The first hypothesis of this study examines the moderating role of ESG compensation in the relationship between ESG performance and financial performance. It explores whether tying executive compensation to ESG targets influences the extent to which sustainability outcomes translate into financial success. In analyzing the effects of ESG Compensation on ESG Performance, the results in model (2) of Table 5 indicate a positive and significant relationship. Specifically, the inclusion of ESG targets in executive compensation significantly enhances ESG performance, with a coefficient of 4.2850 at a 1% significance level. Additionally, the model reveals that larger firms exhibit superior ESG performance, as indicated by a positive and significant coefficient for Firm Size (1.855 at p < 0.01). However, the Book to Market ratio shows a negative association with ESG performance, suggesting that firms perceived as undervalued by the market may focus less on sustainability initiatives. Other factors like Board Size and the use of Big 4 auditors also positively influence ESG performance, indicating that better governance and stringent auditing standards correlate with improved ESG outcomes. Other variables such as Leverage and CEO Duality do not significantly affect ESG performance, highlighting that financial structure and executive governance might not play a decisive role in ESG dynamics within this model. The inclusion of Year and Industry Fixed Effects significantly increases the explanatory power of the model (Adjusted R-squared of 0.586), suggesting that controlling for these factors provides a more accurate depiction of the variables impacting ESG performance. This analysis underscores the effectiveness of ESG-focused compensation in enhancing a firm’s sustainability performance, especially when adjusting for industry and temporal influences.

Table 5.

H1: Effect of ESG Compensation on ESG Performance.

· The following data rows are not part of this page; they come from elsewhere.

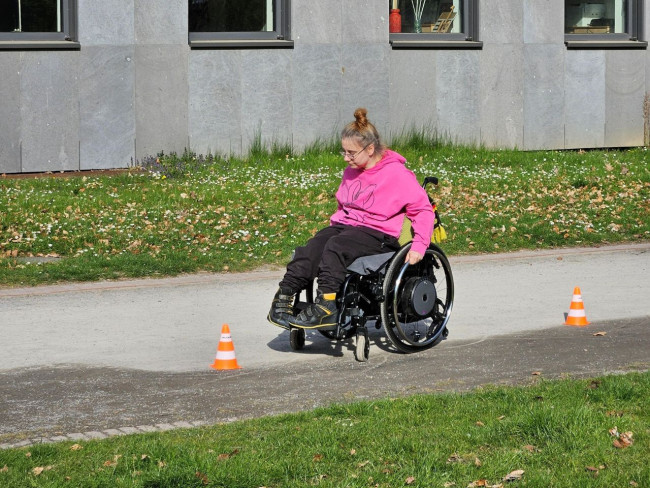 Frau im Rollstuhl meistert einen Parcours mit Hütchen im Freien, Förderung von Mobilität und Selbstständigkeit bei Mehrfachbehinderung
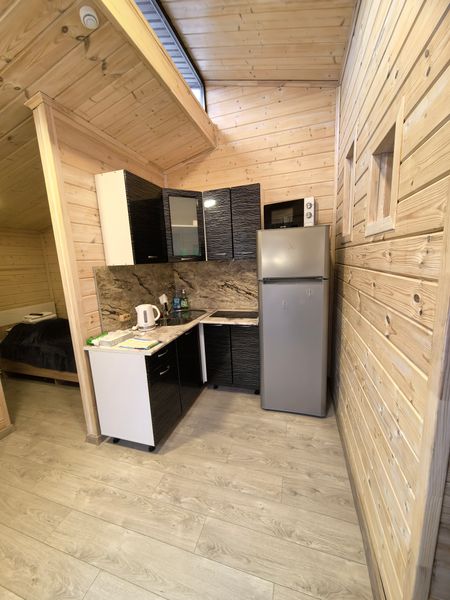 Кухня в двухкомнатном домике, имеется плита, чайник, холодильник и вся необходимая посуда для приготовления и приема пищи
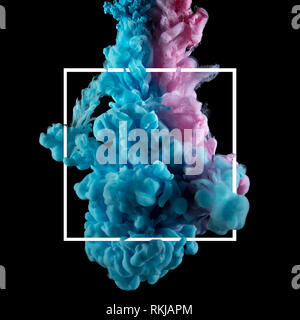color splashes of ink in water isolated on black Stock Photo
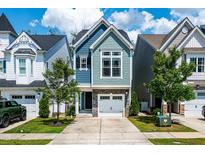 Charming two-story home with stone accents, an attached garage, and a well-manicured lawn at 1363 Brown Velvet Ln, Apex, NC 27523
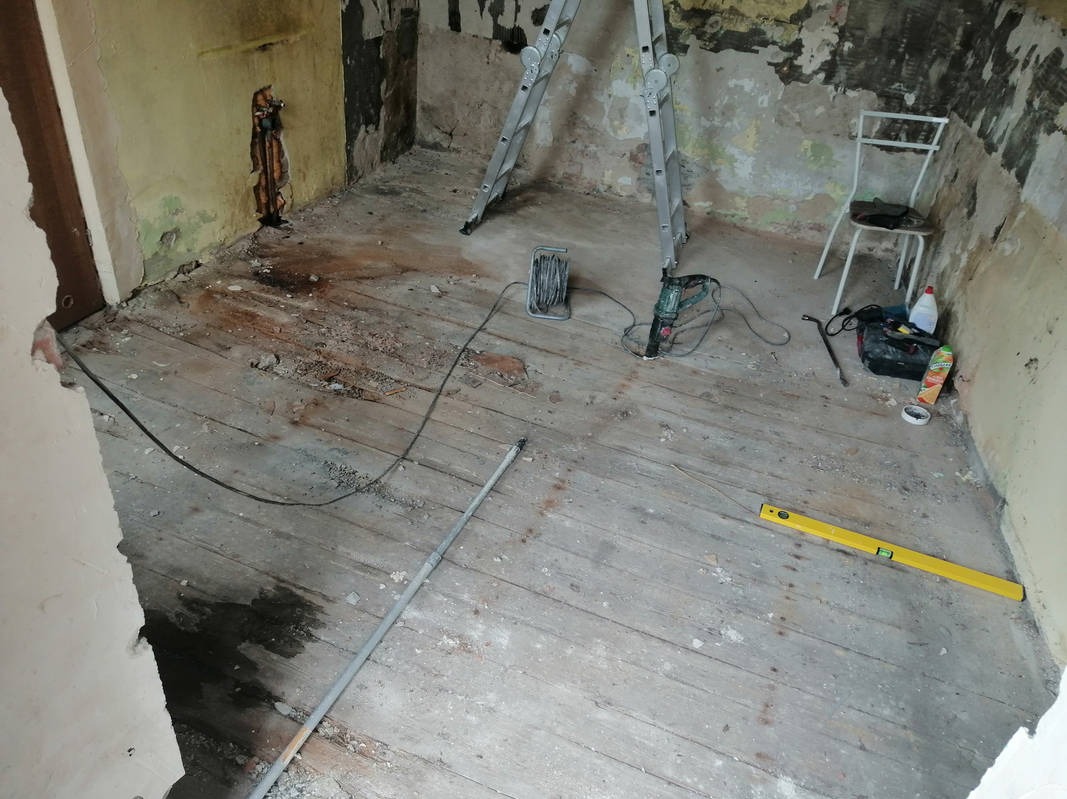 Pokój w trakcie remontu: zniszczone ściany, drewniana podłoga, drabina, narzędzia (wiertarka, poziomica). Widoczne ślady po instalacjach i przygotowania do prac wykończeniowych.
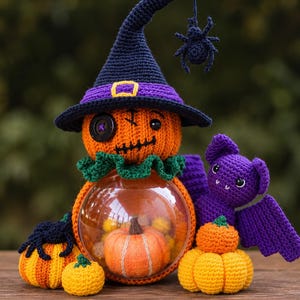 Peut inclure: Une figurine citrouille au crochet portant un chapeau de sorcière bleu foncé avec une bande violette et une araignée suspendue, avec un œil en bouton et une bouche cousue. Une sphère transparente contient une petite citrouille et une chauve-souris.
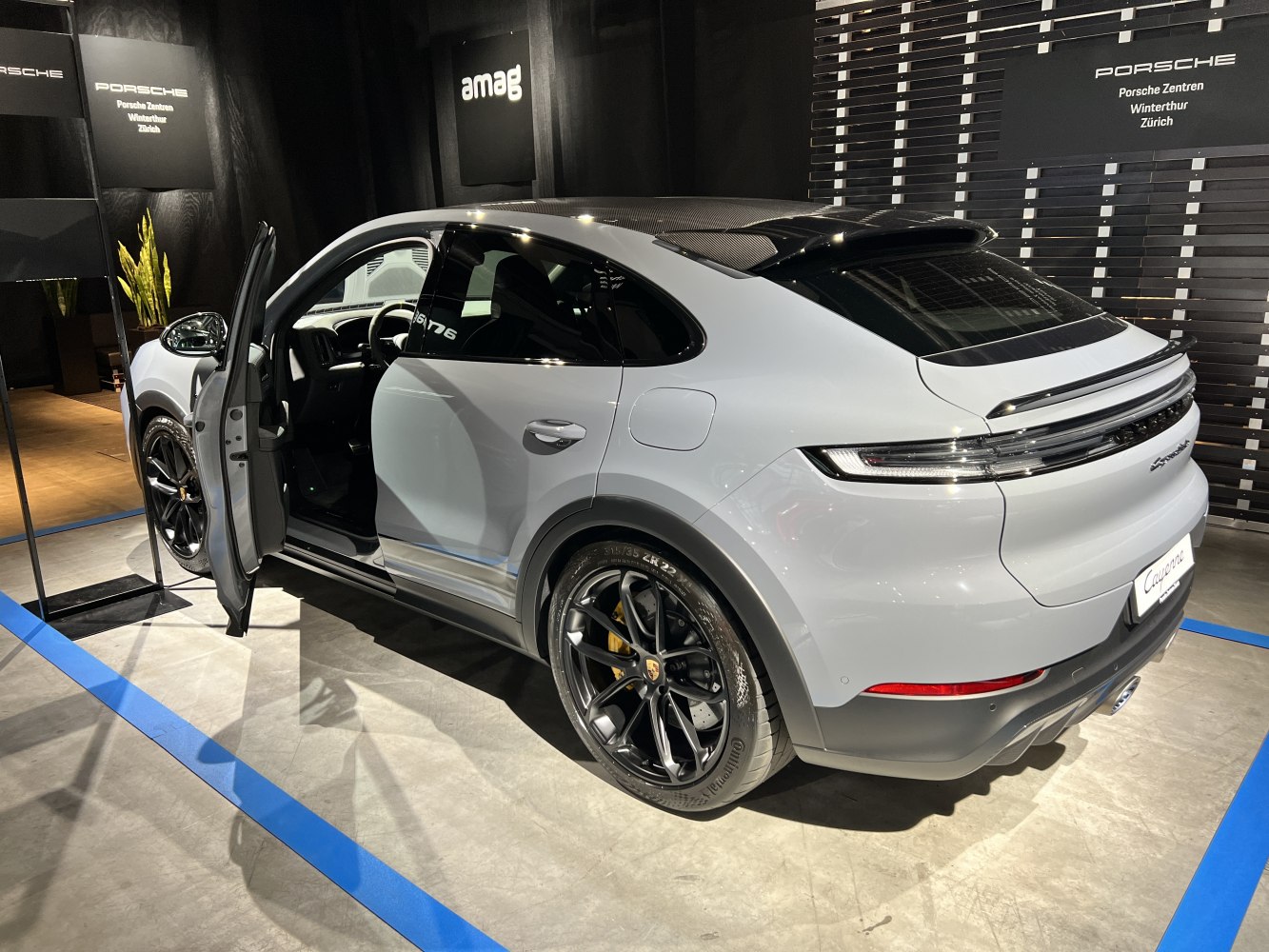 Rear side view of SUV with open driver door and black alloy wheels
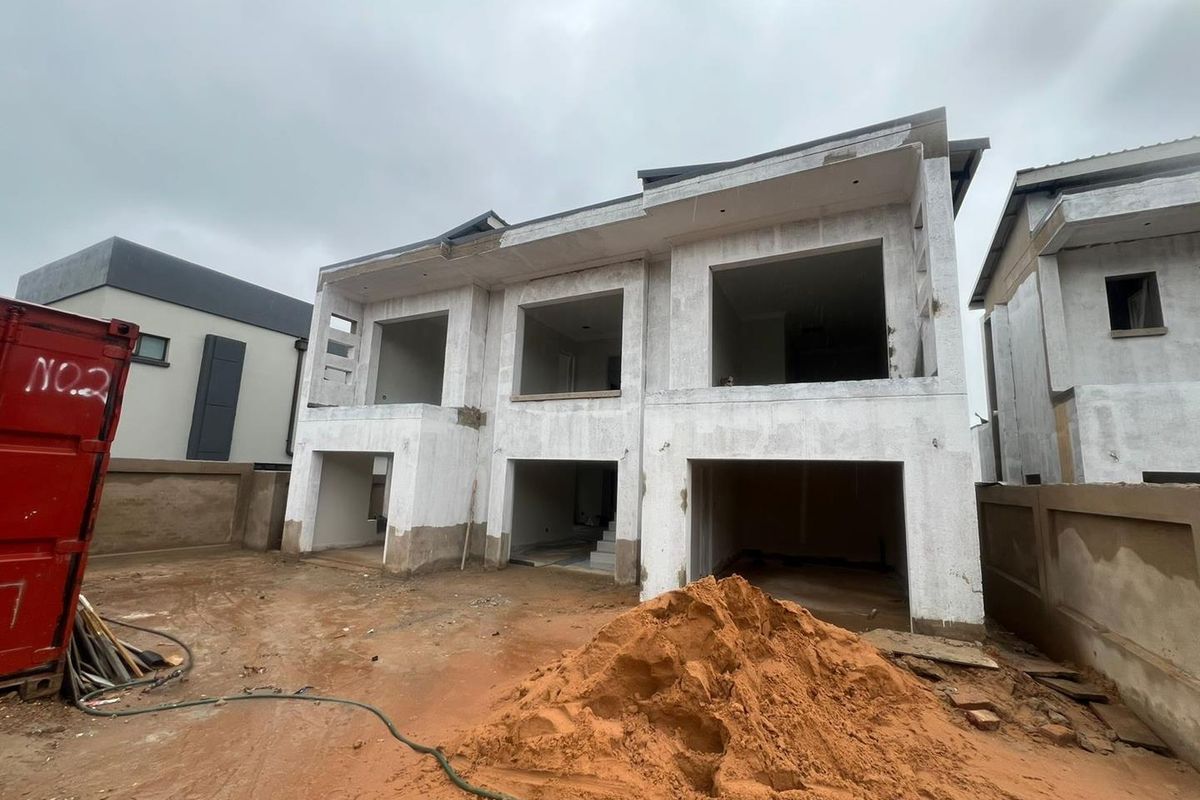 A two-story residential property currently under construction, featuring an open-plan structural shell with exposed concrete and an unlandscaped site.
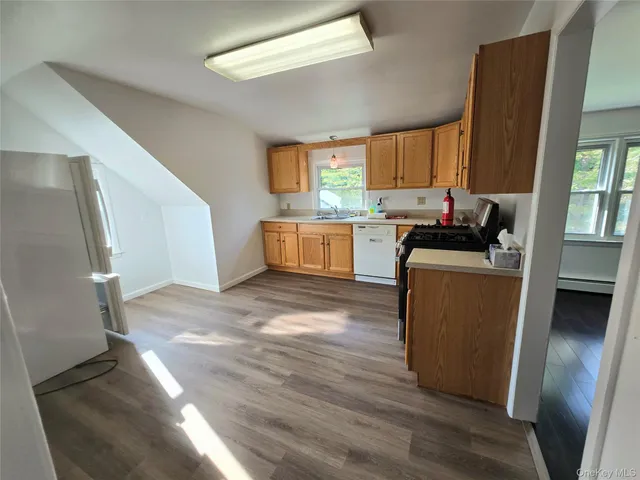 a kitchen with a sink wooden floor and black appliances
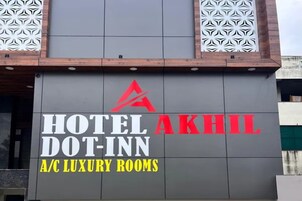 Un edificio con un cartel que dice 'HOTEL DOT-INN A/C LUXURY ROOMS'.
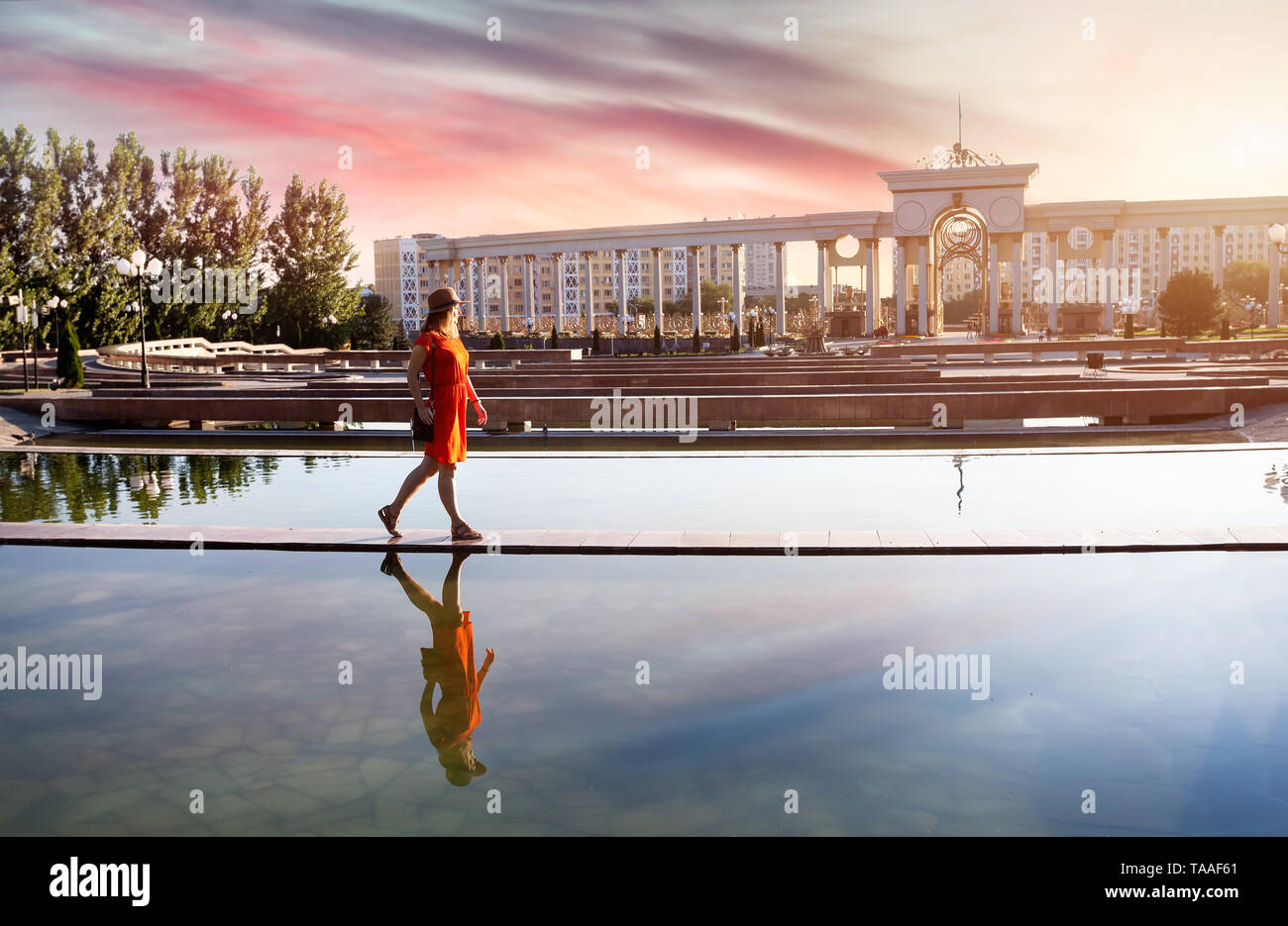 Frau in orange Kleid zu Fuß in der Nähe von Brunnen und Arch bei Sonnenaufgang in Almaty, Kasachstan Stockfoto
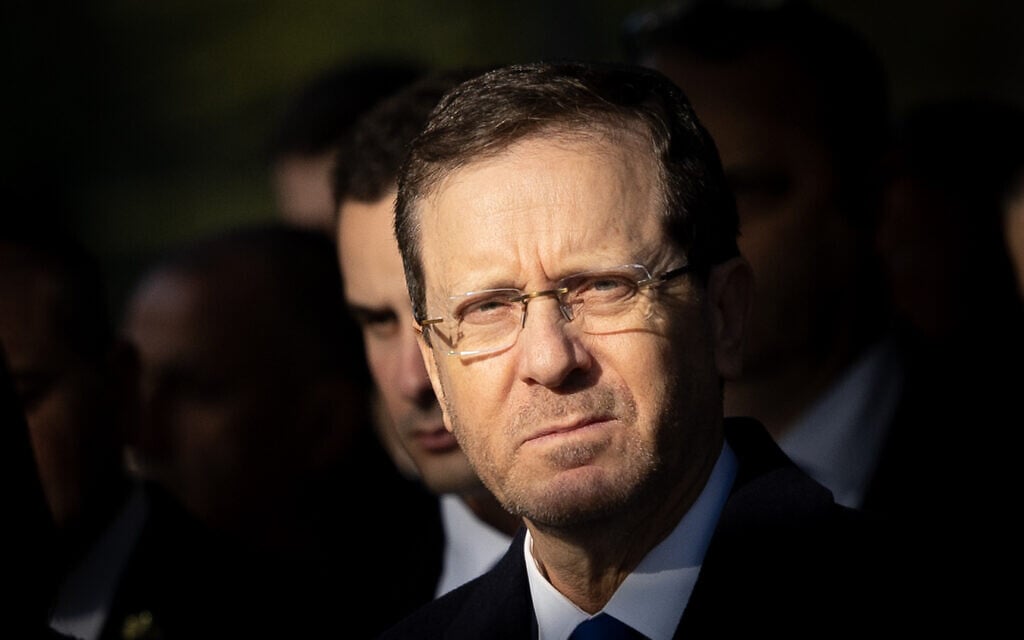 President Isaac Herzog at the funeral of former Knesset speaker Shevach Weiss on February 5, 2023. (Yonatan Sindel/Flash90) President Isaac Herzog at the funeral of former Knesset speaker Shevach Weiss on February 5, 2023. (Yonatan Sindel/Flash90)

Variables (1) (2) (3) (4) (5) (6)
ESG Performance ESG Performance Financial Performance Financial Performance Financial Performance Financial Performance
ESG Compensation 6.362*** 4.285*** -0.002 -0.002
(19.840) (6.475) (-0.354) (-0.321)
ESG Performance 0.014*** 0.013*** 0.017*** 0.013***
(6.444) (3.267) (6.932) (2.937)
ESG Performance * ESG Compensation -0.008 -0.000
(-1.282) (-0.028)
Firm Size 1.205*** 1.855*** -0.008*** -0.003 -0.008*** -0.003
(10.685) (6.495) (-8.734) (-1.181) (-8.225) (-1.107)
Book to Market -4.043*** -1.466*** -0.088*** -0.070*** -0.088*** -0.070***
(-13.511) (-2.710) (-35.065) (-13.607) (-35.053) (-13.602)
Leverage -3.350*** 2.922 -0.134*** -0.142*** -0.134*** -0.142***
(-4.750) (1.539) (-23.019) (-7.255) (-22.874) (-7.246)
Board Size 0.704*** 0.454*** -0.001 -0.001* -0.001 -0.001*
(12.911) (4.923) (-1.623) (-1.842) (-1.580) (-1.855)
CEO Duality -1.452*** -0.505 -0.002 -0.004 -0.002 -0.004
(-5.566) (-0.997) (-0.920) (-1.022) (-0.897) (-1.026)
Big4 4.295*** 3.749*** 0.023** 0.035** 0.022** 0.035**
(3.659) (2.859) (2.369) (2.138) (2.251) (2.139)
ESI 0.716** 2.524 0.006** -0.015 0.008*** -0.015
(2.457) (0.884) (2.430) (-0.649) (3.163) (-0.639)
6.362*** 4.285*** -0.002 -0.002
Observations 3,999 3,995 3,999 3,995 3,999 3,995
Adj-R2 0.257 0.586 0.454 0.653 0.455 0.653
Year FE N Y N Y N Y
Industry FE N Y N Y N Y

Building upon the theoretical underpinnings previously discussed, we next investigate the relationship between ESG Performance and Financial Performance in models (3–4) of Table 5. Our results indicate that there is a statistically significant positive relationship between ESG Performance and Financial Performance, evidenced by a coefficient of 0.013 at a 1% significance level. This suggests that higher ESG scores are associated with better financial outcomes, potentially due to improved reputation, customer loyalty, and operational efficiencies driven by sustainable practices.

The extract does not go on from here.